▶ **Problem details**
Copy the data that follows exactly. Include no pictures.

▶ **Provided material**
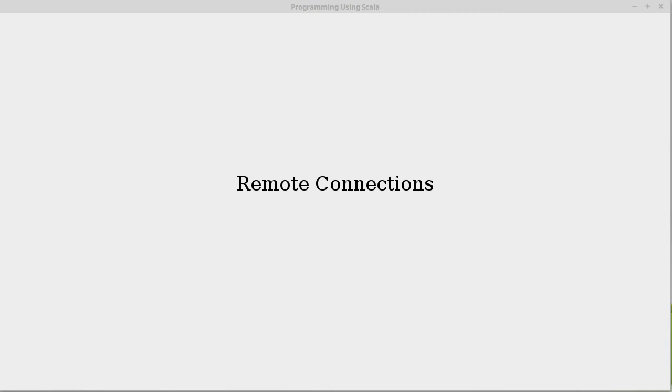In the Linux world, that's not the case. You can have remote connections. You can log into machines from other places, and so we want to talk about how you can do that.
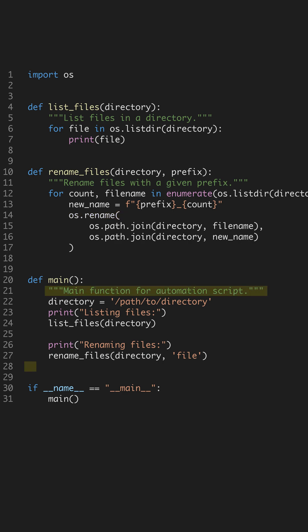Finally, the main function initiates our script. It specifies the directory and calls our list and rename functions. This structure allows easy expansion for more complex automation tasks as you grow more skilled in Python.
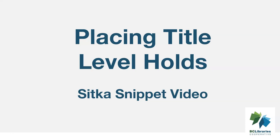This short video will look at placing title-level holds in the staff catalog in Sitka's Evergreen.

▶ **Task solution**
In the Linux world, that's not the case. You can have remote connections. You can log into machines from other places, and so we want to talk about how you can do that.
Finally, the main function initiates our script. It specifies the directory and calls our list and rename functions. This structure allows easy expansion for more complex automation tasks as you grow more skilled in Python.
This short video will look at placing title-level holds in the staff catalog in Sitka's Evergreen.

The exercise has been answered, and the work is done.